0) COVER antonio Mollo

Non ho mai visto esultare mio padre ad una mia partita.

Si metteva seduto in disparte, guardava, scrutava, appoggiava il mento nella mano. A volte scambiava due chiacchiere con uno dei genitori dei miei compagni, con quelli che parlavano meno di lui. Non mi ha mai criticato né esaltato. Tentava di mantenere una certa neutralità.

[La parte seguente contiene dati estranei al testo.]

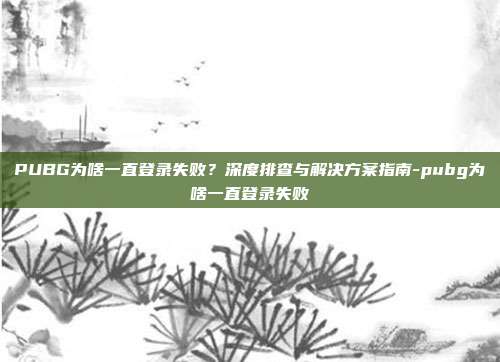PUBG为啥一直登录失败？深度排查与解决方案指南-pubg为啥一直登录失败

Je faccio ‘o psichiatra guagliò, conosco le conseguenze dell’emotività”. Ero un adolescente, 15/16 anni e non capivo fino in fondo quella frase. Sebbene mi sforzassi di comprendere, non mi capacitavo di come potesse non lasciarsi coinvolgere da uno sport molto emozionante, soprattutto se visto dal vivo. Uno sport maschio, dove si combatte, si danno e si prendono botte, dove ci si sacrifica anche più del dovuto e davvero faticoso. Tra l’altro giocavo io, suo figlio, sangue del suo sangue. Ed ero uno di quelli -‘o mastino, mi soprannominò il mio allenatore- che in acqua ringhiava, che viveva le partite come una battaglia, che quando scagliava il pallone verso la porta lanciava verso quei pali galleggianti tutto il suo condensato di grinta, passione e voglia di vincere.

Questo era per me la pallanuoto.

Non ho mai visto esultare mio padre ad una mia partita.

Tranne una.

Dicembre 2006, categoria allievi. All’epoca era prevista una formula per cui si giocava anche il campionato nazionale invernale che era una sorta di anticipazione del campionato che terminava in estate o a settembre.

Si giocava a Napoli, alla Scandone, uno dei templi della pallanuoto nazionale e internazionale.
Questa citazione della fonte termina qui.